"You know more of a road by having traveled it than by all the conjectures and descriptions in the world." - William Hazlitt
Monday, April 23, 2012
April 9-21
I had a pretty eventful last week before spring break. So here are some highlights:
April 9 was my friend Glenn's birthday. His 21st. We celebrated, but it was Monday night, so my night at least was restricted to Nexus for a few hours and then home. But Yunus' 21st birthday was on Friday, April 13, and Glenn and he decided to celebrate both on that fateful day.
Obviously a 21st birthday doesn't mean much to an American who has been "legal" to drink since they left the country a few months ago, but with enough Americans around it can feel pretty special. It's all about the mentality. Plus, as Yunus said, turning 21 abroad isn't the end of the world; you can party hard on your birthday, and celebrate again when you return to the US.
Anyways, the night started with a bunch of us going to our usual outdoor drinking spot, the lookout on Boğaziçi's South Campus, which offers a 230° view of the Bosporus and Istanbul, both the Asian and European sides. In addition to several of us on the Duke program, I.e. Emily, Isabelle, Sarah, etc, we were with many who were not. Besides Yunus and Glenn, we had Alex, Becca, Julie and Paige. All of these people played a small role later in the night.

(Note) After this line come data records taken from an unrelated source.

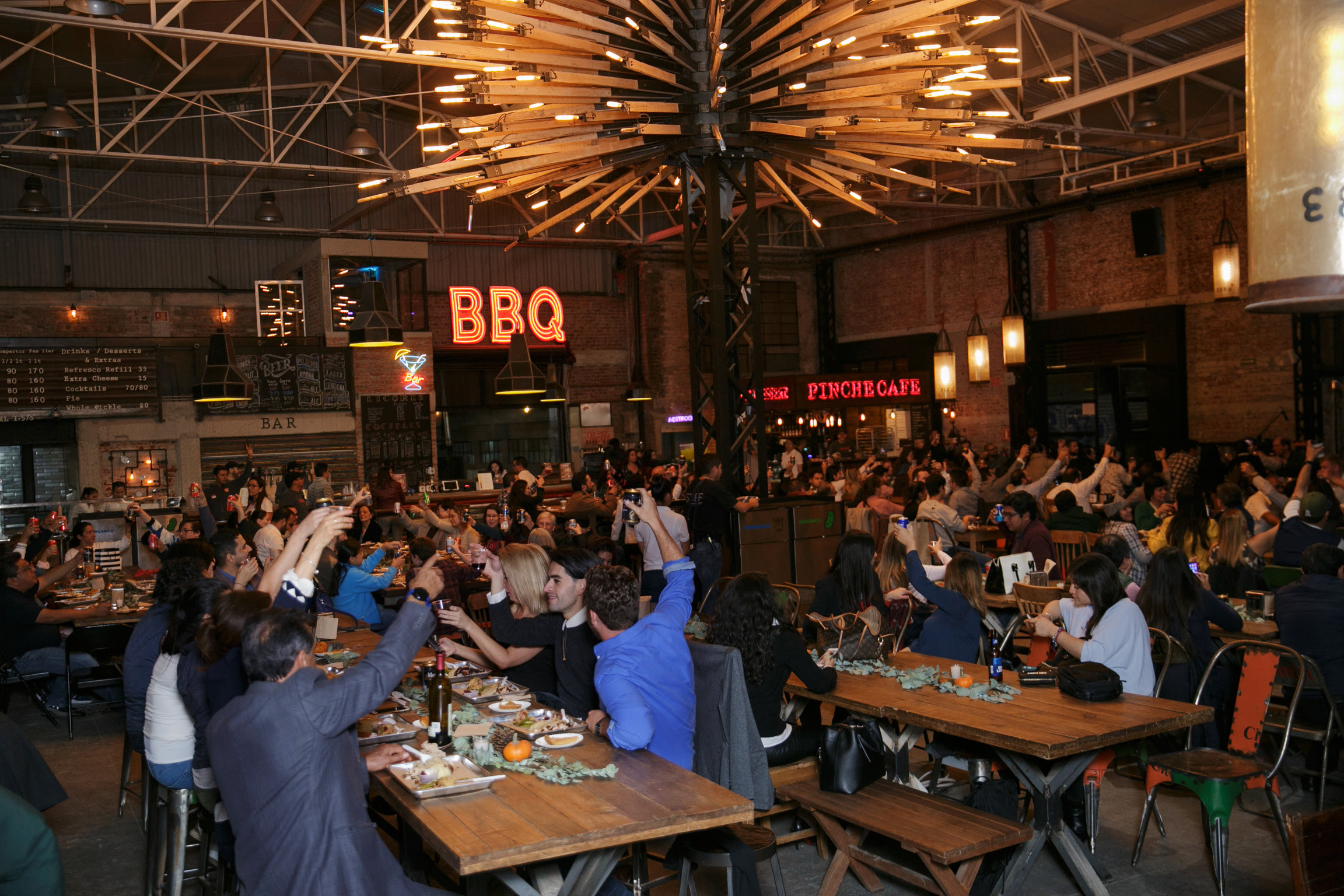 Celebra la Tradición de Thanksgiving: Una fiesta de gratitud y música en Pinche Gringo BBQ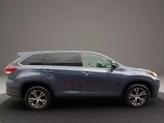 Thumbnail of 2019 Shoreline Blue Pearl Toyota Highlander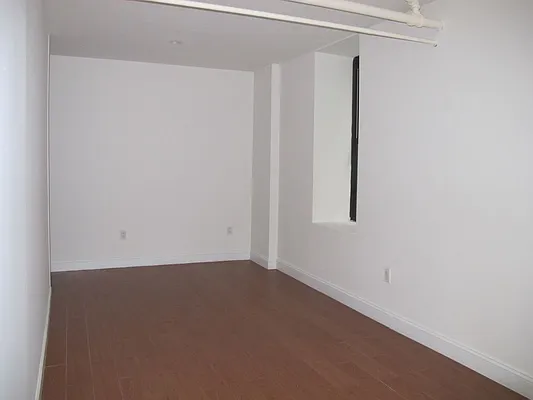 Rented by Monarch Realty Holdings | media 27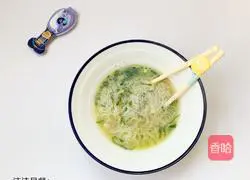 Complementary food for babies over one week old :Illustration of how to make shredded chicken and green vegetable noodles 7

But the frat star of the evening, the champ of all champs, was Rob, Glenn's dad. Rob had flown in a little while earlier to visit his son and was down to party. I met him on the lookout. It was a little odd at first; I didn't know his connection to this group and, since he is old enough to be Glenn's father (fancy that!), an unexplained appearance might have been awkward. But my reservations were put to rest quickly with introductions and some brief chatting. More on Rob in a bit.
When it came time to head downtown, it was about 10:30. We took the 559C to Taksim and wandered our way down Istiklal Cd to a place called Ritim Roof, on Balik Pasaj off of Istiklal (near Nevizade). It was a calm enough night, nothing too crazy going on as of yet. Ritim Roof has two adjacent parts of a building, each one only accessible from the street. We went up to the roof of the first one, which had a set of tables where we sat and ordered drinks. I didnt order anything, as I had brought a small water bottle of Smirnoff to help me save money in the night.
After the water bottle, and many others' drinks, was empty, we ventured to the other side of Ritim Roof, who's top floor contained the dance floor.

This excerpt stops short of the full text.